Goal of the exercise: Copy, word for word, the line containing "this 570×570 image." and each line that follows it in the entries below; pictures do not belong in the copy.

Stored data entries
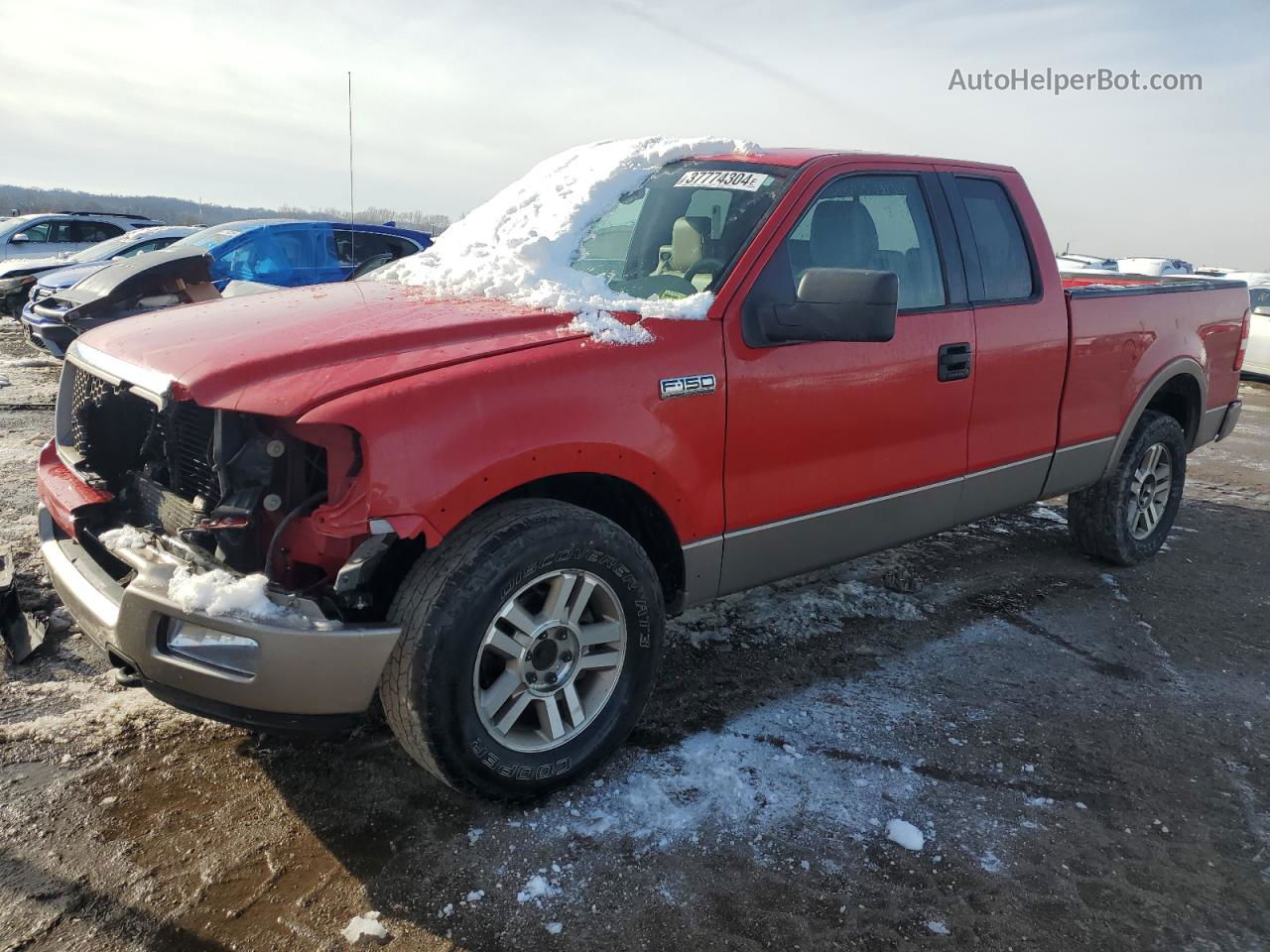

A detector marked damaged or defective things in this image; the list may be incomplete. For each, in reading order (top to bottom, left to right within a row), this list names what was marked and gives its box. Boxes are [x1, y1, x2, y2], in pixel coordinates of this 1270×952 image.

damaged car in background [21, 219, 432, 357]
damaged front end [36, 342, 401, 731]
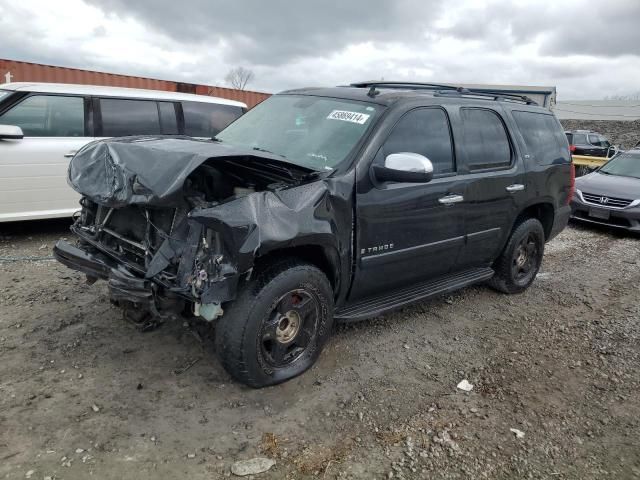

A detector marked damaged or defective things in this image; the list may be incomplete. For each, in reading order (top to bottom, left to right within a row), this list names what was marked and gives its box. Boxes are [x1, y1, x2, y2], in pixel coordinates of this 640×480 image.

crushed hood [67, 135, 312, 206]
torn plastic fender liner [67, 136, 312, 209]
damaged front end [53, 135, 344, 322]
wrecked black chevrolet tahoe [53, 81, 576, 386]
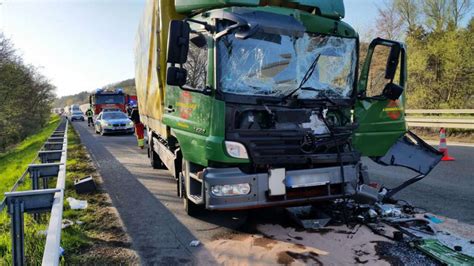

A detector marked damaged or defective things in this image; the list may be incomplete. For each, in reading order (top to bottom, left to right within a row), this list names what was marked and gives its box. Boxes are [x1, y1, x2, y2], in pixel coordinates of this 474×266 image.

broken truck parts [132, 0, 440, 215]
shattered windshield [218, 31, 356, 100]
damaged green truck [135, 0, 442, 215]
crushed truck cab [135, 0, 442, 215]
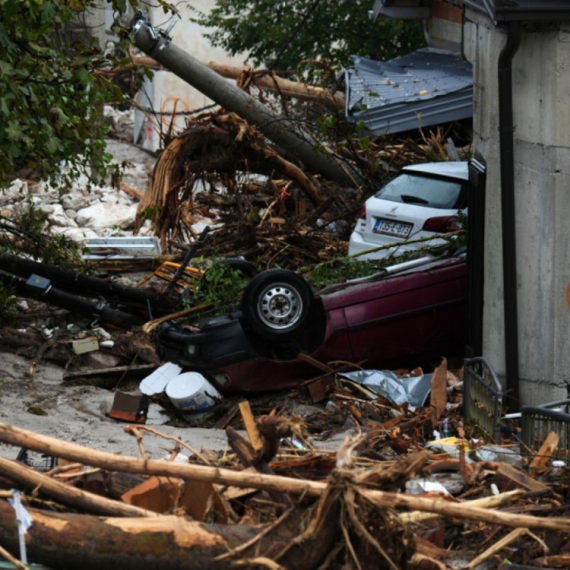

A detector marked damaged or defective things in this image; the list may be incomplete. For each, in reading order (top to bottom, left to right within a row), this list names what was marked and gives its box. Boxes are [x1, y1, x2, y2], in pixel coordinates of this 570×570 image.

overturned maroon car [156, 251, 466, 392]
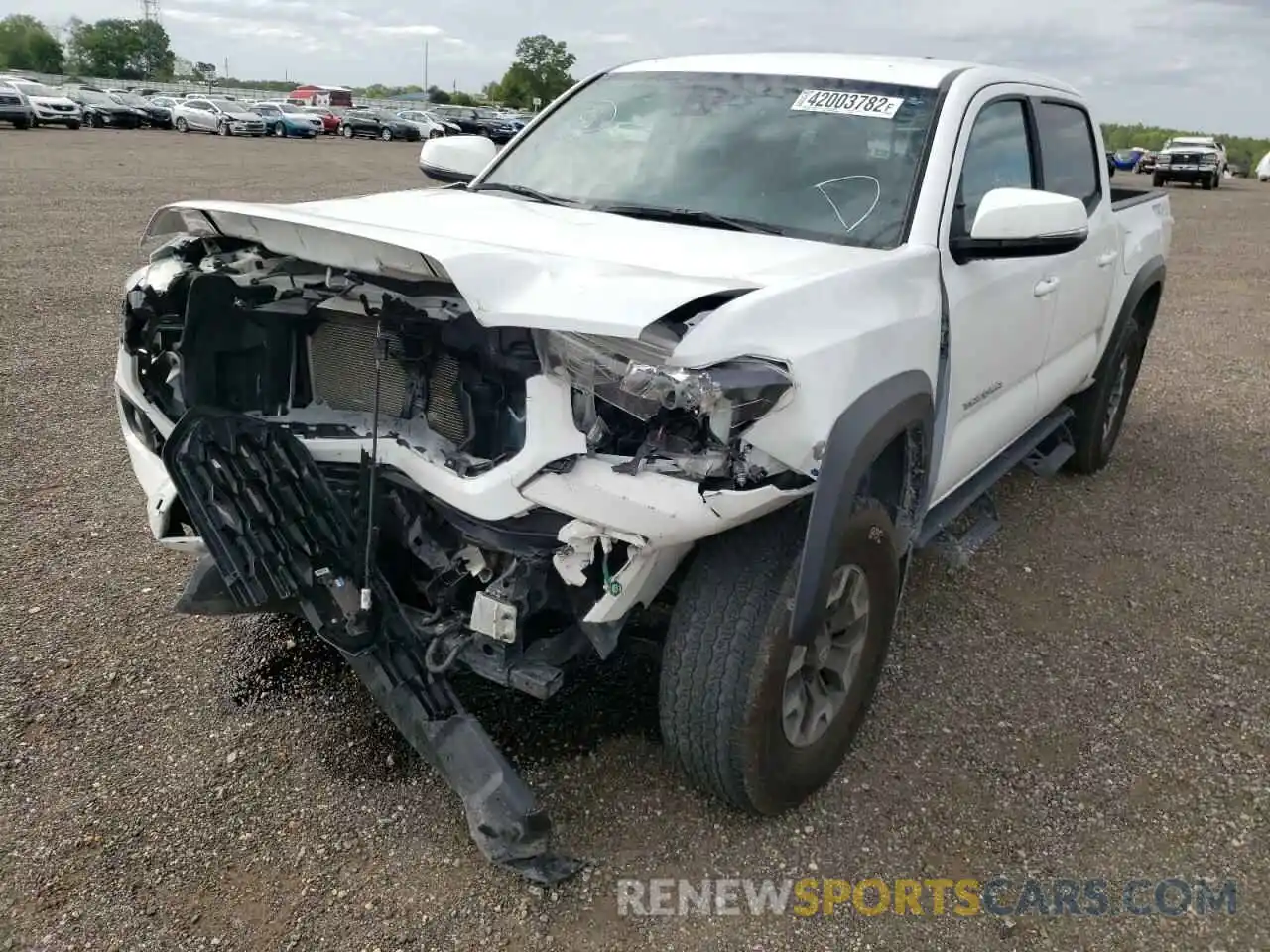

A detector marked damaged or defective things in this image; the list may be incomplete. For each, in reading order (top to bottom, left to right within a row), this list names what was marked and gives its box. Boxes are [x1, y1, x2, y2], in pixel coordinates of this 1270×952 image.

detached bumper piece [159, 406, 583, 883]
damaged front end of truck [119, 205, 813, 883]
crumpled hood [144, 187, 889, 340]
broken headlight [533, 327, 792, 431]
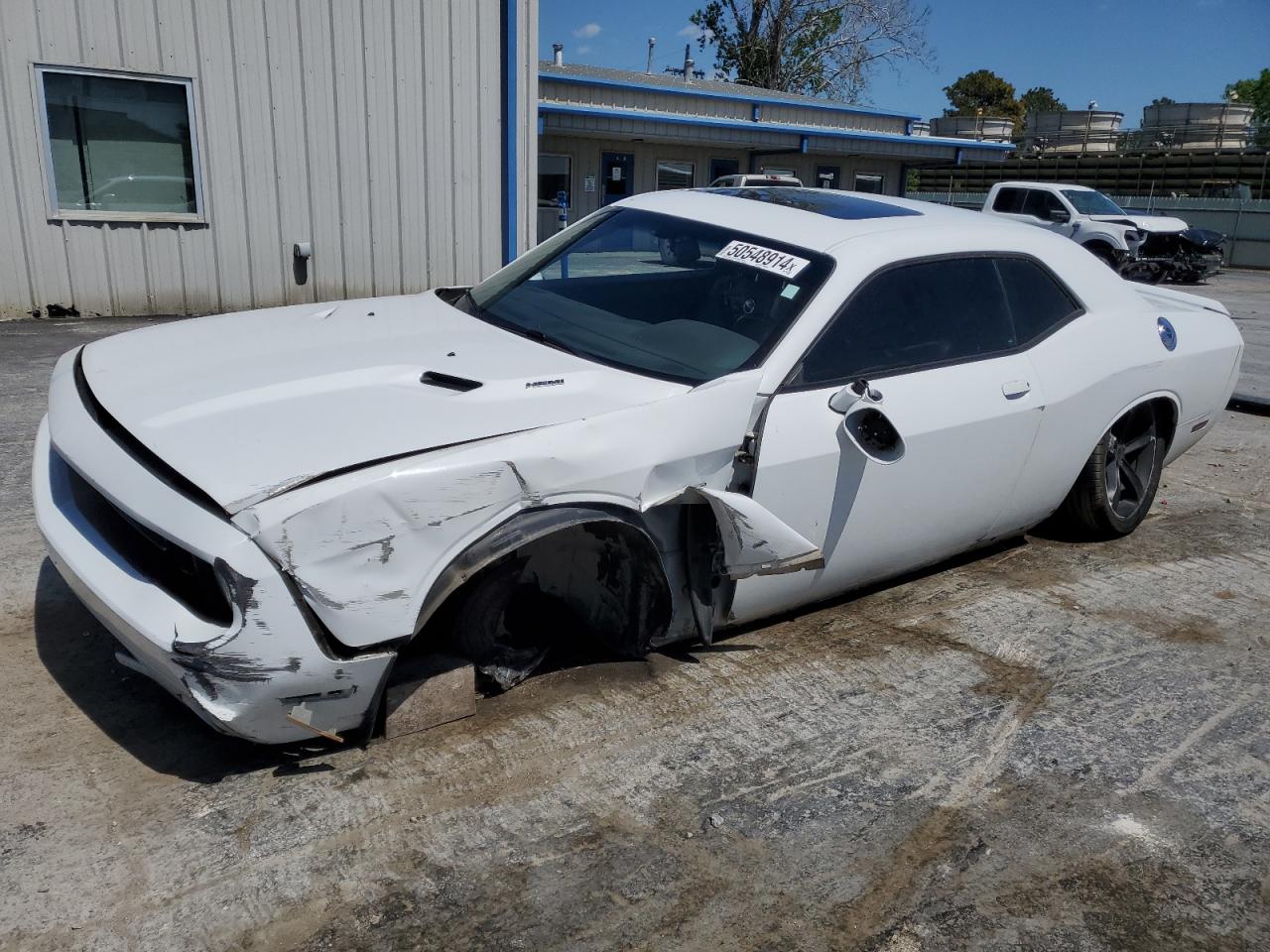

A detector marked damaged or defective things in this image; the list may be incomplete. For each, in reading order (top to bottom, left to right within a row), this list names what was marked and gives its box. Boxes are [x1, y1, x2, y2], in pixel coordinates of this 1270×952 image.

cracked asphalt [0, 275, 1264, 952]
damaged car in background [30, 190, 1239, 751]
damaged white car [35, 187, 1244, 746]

Solution:
A detector marked damaged or defective things in this image; the list may be incomplete. For each, in reading order (top to bottom, left to right within a row), this list names what was marked and gives its box. Boxes are [x1, y1, x2, y2], in pixel coordinates of this 570×570 image.

overturned maroon car [156, 251, 466, 392]

A detector marked damaged or defective things in this image; the list may be incomplete. For each, in reading order (top to bottom, left to right within a row), this list names what was marked and gives its box. Boxes are [x1, y1, x2, y2], in pixel coordinates of this 1270×952 image.

detached bumper piece [159, 406, 583, 883]
damaged front end of truck [119, 205, 813, 883]
crumpled hood [144, 187, 889, 340]
broken headlight [533, 327, 792, 431]

A detector marked damaged or defective things in this image; the list may be incomplete. For each, in reading order (top to bottom, left to right within a row), this list names what was marked and gives its box. Boxes are [x1, y1, x2, y2], in pixel coordinates of this 1270×952 image.

cracked asphalt [0, 275, 1264, 952]
damaged car in background [30, 190, 1239, 751]
damaged white car [35, 187, 1244, 746]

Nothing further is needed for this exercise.